A typical state of the art attachment of a HS or a heat spreader to the backside of a high-power chip physically interconnects the HS structure to the system's substrate structure, namely the printed circuit board (PCB). Such a design approach is used when there is a need to produce a high enough pressure at the thermal interface between the HS and the chip. Such pressure is often needed for a satisfactory thermal performance of the interface.
Also known in the art are attachments of an HS to a package substrate (PS), rather than to the PCB. Designs of this type are not intended and, in many cases, are not even supposed to produce high pressure at the HS/chip interface. Such HS-to-package attachment designs in the current art are acceptable if a relatively low pressure, for example a pressure in the range of 5-20 psi, can ensure a satisfactory thermal management of the integrated circuit (IC) device.

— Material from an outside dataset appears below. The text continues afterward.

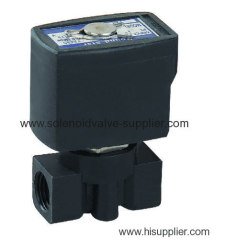 V2A 2 WAY Micro water SOLENOID VALVE G1/4''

However, it is becoming a more frequent requirement in the industry that a high interfacial pressure of, for example in the range of 70 psi or higher, is needed to produce and control a satisfactory thermal contact. This occurs for example, in the case where a carbon nano-tube (CNT) based HS is used and the tips of the CNTs require high pressure to bend sufficiently and provide the necessary thermal contact. Such a HS is discussed in U.S. patent application Ser. No. 10/925,824, System and Method Using Self-Assembled Nano Structures in the Design and Fabrication of an Integrated Circuit Micro-Cooler, assigned to common assignee and which is herein incorporated by reference thereto for all that it contains. In such case the HS is typically attached to the PCB. This is usually done by using screw-based elements, with or without springs, or flat-spring-based structural elements. This approach can produce a very high pressure at the HS/chip interface providing the necessary pressure to achieve the thermal interface required. However, this approach does suffer from the shortcomings that are discussed below.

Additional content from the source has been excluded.